It’s also why a college education leading to a solid career is perhaps even more prized here than in much of the rest of the U.S – why families celebrate when their kids get admitted to their chosen college.

There’s nothing unusual about celebrating your kid’s admission to a preferred college with a party.  But for many families in Maine, that party has a name – a “lottery party,” as in “our kid just won the lottery.” I’m told this is what lots of folks in Maine call such a celebration that follows admission to the Maine Maritime Academy (MMA), graduation from which, they believe, virtually guarantees lifetime earnings equal to a big lottery win.

Deb and Jim Fallows told me they heard people in Eastport sing the praises of MMA, which is several hours southwest of Eastport, in Castine.  Not knowing anything about MMA, I decided to look into it. One of the people in Eastport who championed the MMA as attention-worthy is Captain Bob Peacock (USNR-Ret.), the Eastport harbor pilot Deb mentions here. Peacock is a 1971 graduate of MMA and, it turns out, chairman of its board of trustees. When he heard I was going to Castine to check out MMA, he said he’d meet me there, arrange for me to meet with the president, Bill Brennan, as well as faculty and students – and also give me a personal tour.

What a revelation.

Not least, the place is beautiful. Castine (population 1,366) is one of the oldest towns in Maine. White clapboard houses surround an appealing campus that sits on a hill near Penobscot Bay, overlooking Castine Harbor. (Town and campus in photo above.) Much of the town doesn’t look too different from how it must have looked in 1779, when Paul Revere and other Americans on the Penobscot Expedition were routed by the British here.

But it’s not the charm of the place that is the principal attraction to students who apply here; the career preparation is. And the waterside, small-town tranquility that envelops MMA belies the institution’s high-tech underpinnings, which I’ll touch on below.

This is a college whose student body is largely self-selected. As one professor told me, “dabblers don’t come here.” Highly directed students who know what they want to do are the kind of people who matriculate at MMA. Application numbers are at all-time highs for admission to this public four-year college. This year’s tuition ranges from $9,080 for in-state students to $19,900 for out-of-state students, with students from some other New England states paying $13,620. Financial aid is, of course, available. And as an indicator of the success MMA's students typically enjoy, Bill Brennan told me, "The default rate on the loans we issue is around 1.5 percent -- as opposed to 12 or 13 percent at most institutions."  Undergraduate enrollment has climbed to nearly 1,000.  According to President Brennan, the place is “bursting at the seams” with students eager for the education obtainable here. "Enrollment is slipping in lots of colleges around the country, but we're beyond capacity here."

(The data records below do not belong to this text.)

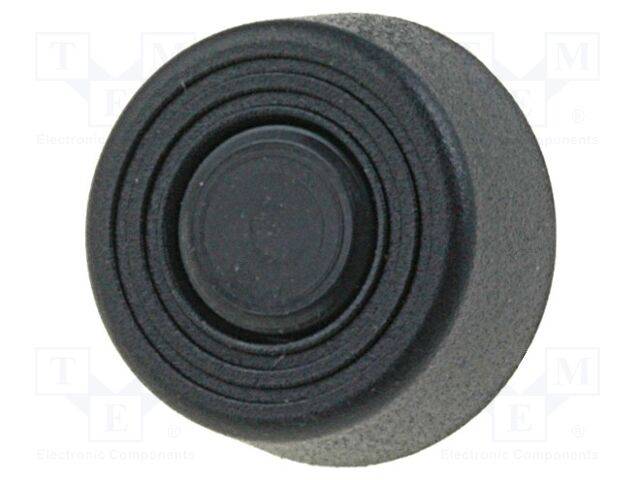 FIX&FASTEN FF-35 Voetje voor snelle assemblage; zwart; polyethyleen; A: 6mm - 10 stuks-0
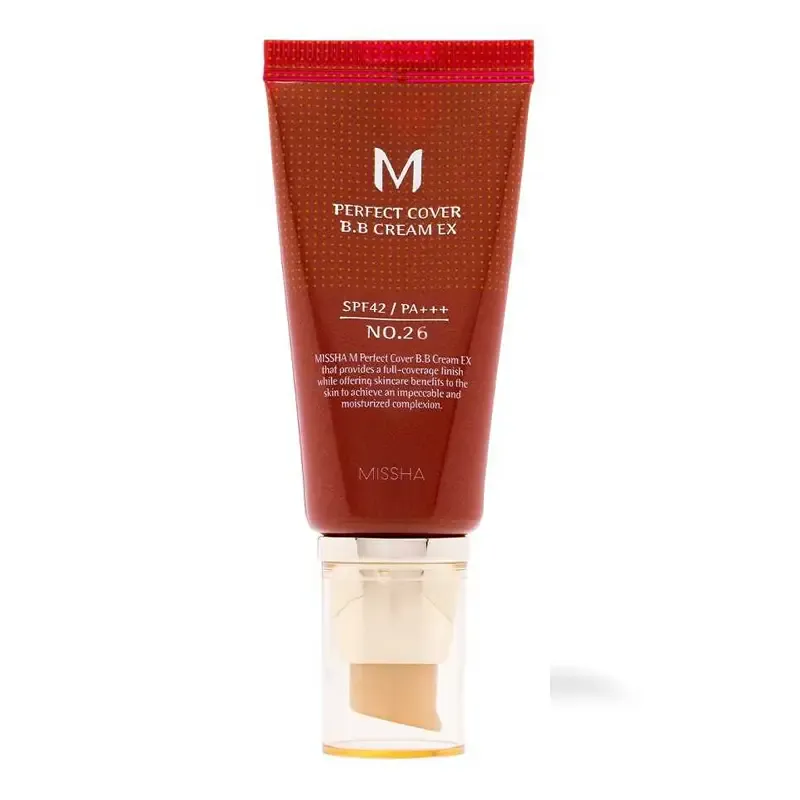 MISSHA M Perfect Cover BB Cream EX SPF42/PA+++ No.26/Natural Caramel– BB kremas, 50ml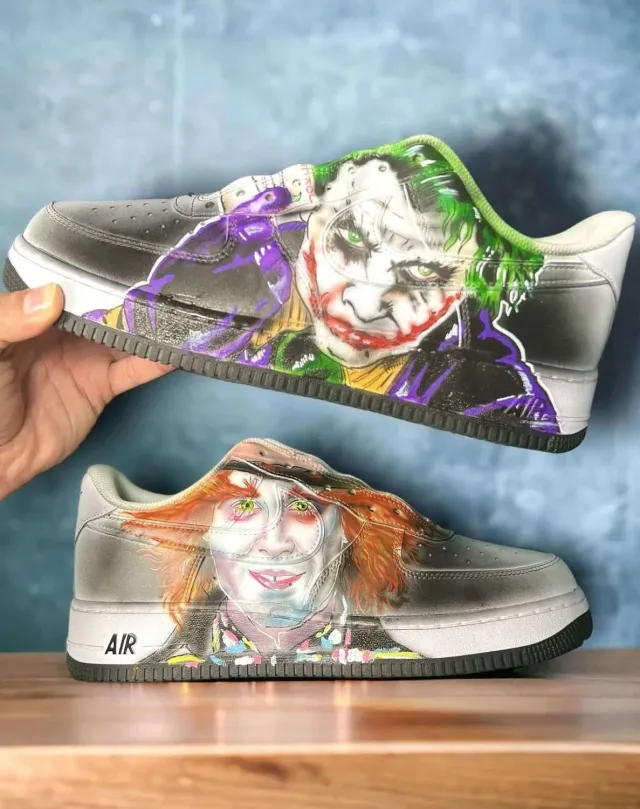 Nike Air Force 1 Cappellaio Joker sneakers dipinte a mano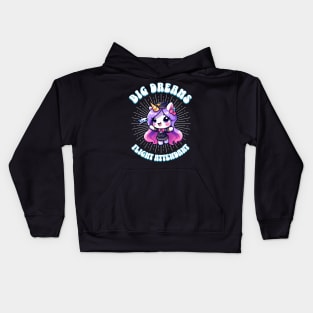 Big Dreams Flight Attendant Unicorn Ocean Edition Kids Hoodie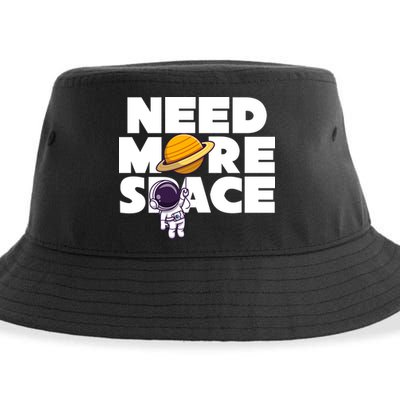 Need More Space Funny Astronaut Sustainable Bucket Hat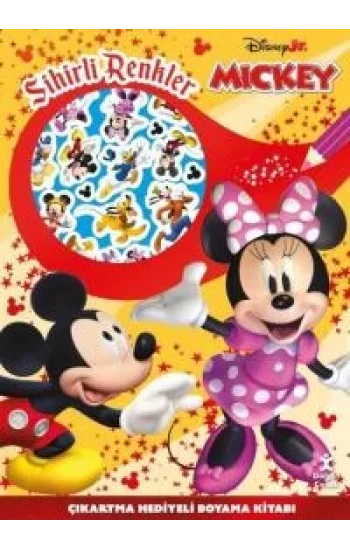 Disney Jr. Mickey - Sihirli Renkler Çıkartma Hediyeli Boyama Kitabı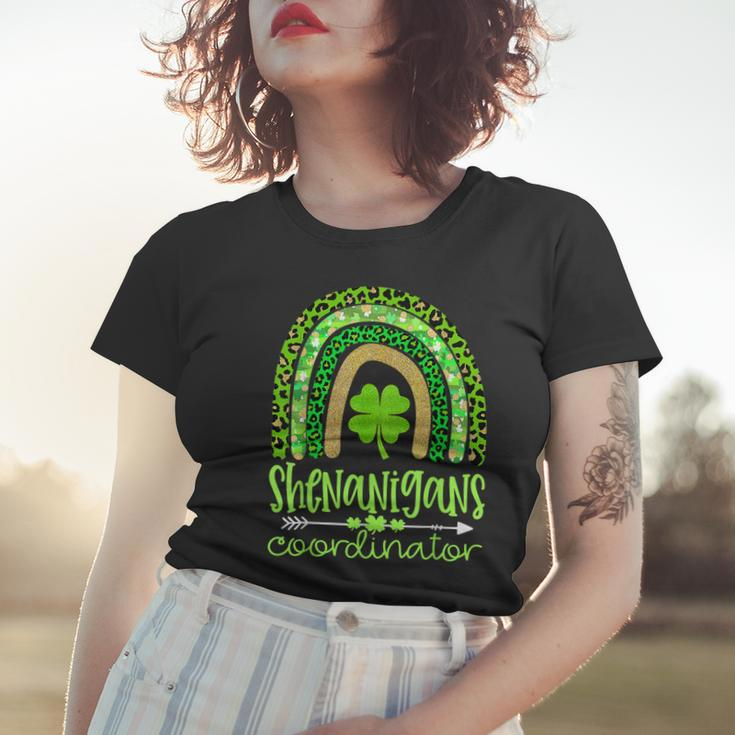Shenanigans Coordinator Teacher Mom Boss St Patricks Day Women T-shirt Gifts for Her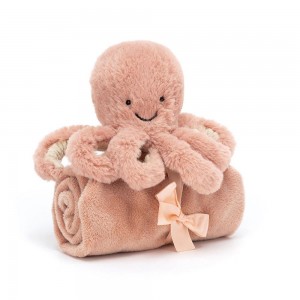 Bebé Jellycat Odell Octopus,10cm x 34cm x 34cm Laranja | Portugal HKWPS-1263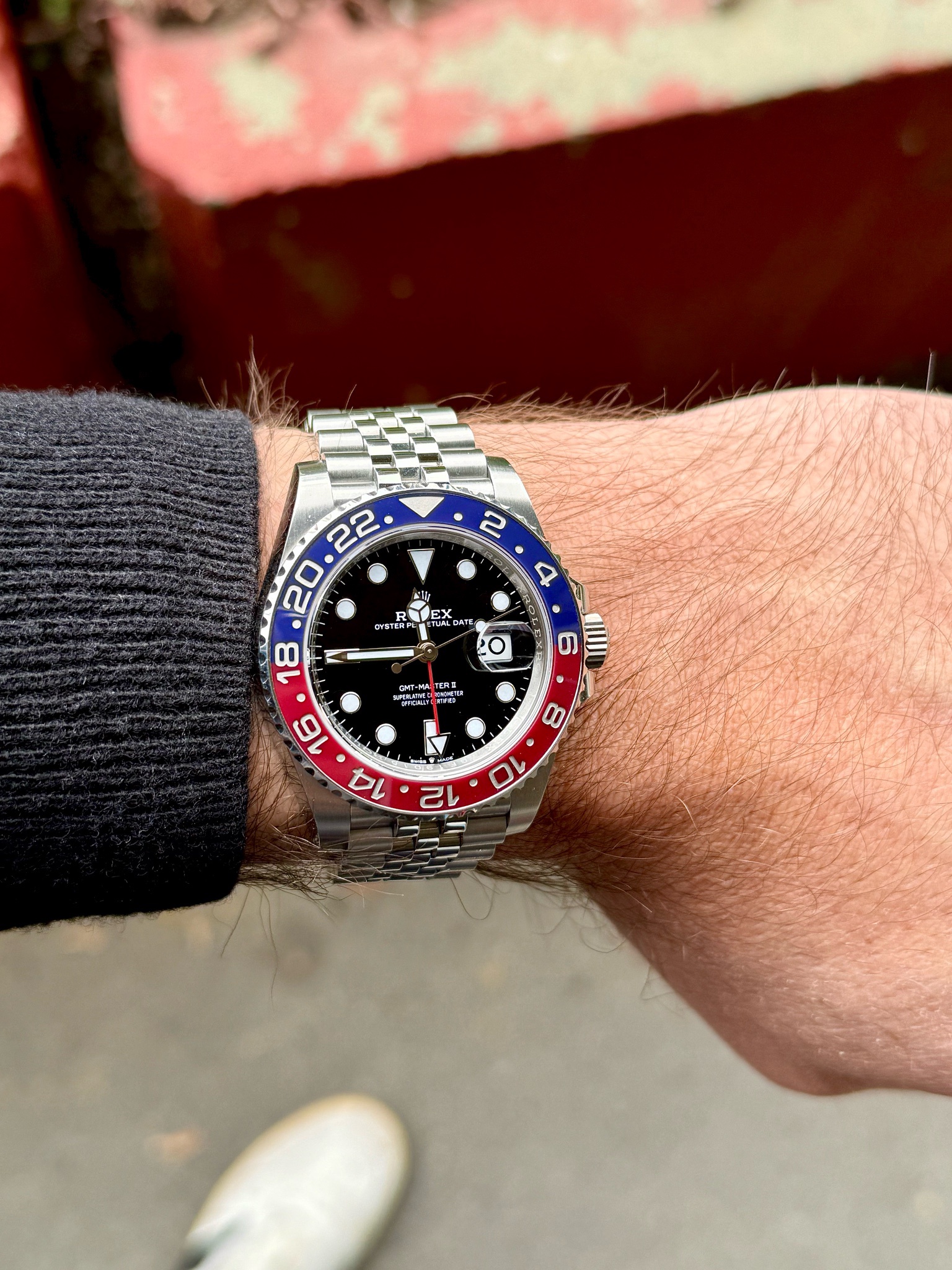 Watch by Rolex, GMT Master II, 126710BLRO, GMT-Master II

They come to study to be navigation officers (ultimately, captains and pilots) of huge ocean-going vessels as well as smaller ships. (Did you see Captain Phillips? If so, then you’ve seen the kinds of jobs some of these students train for.) Some come to major in engineering – learning to design, install and operate power-generation, hydraulic, electrical, and other systems on vessels and in shore-based utilities. Still others come to the business school to study global logistics and business operations in international trade.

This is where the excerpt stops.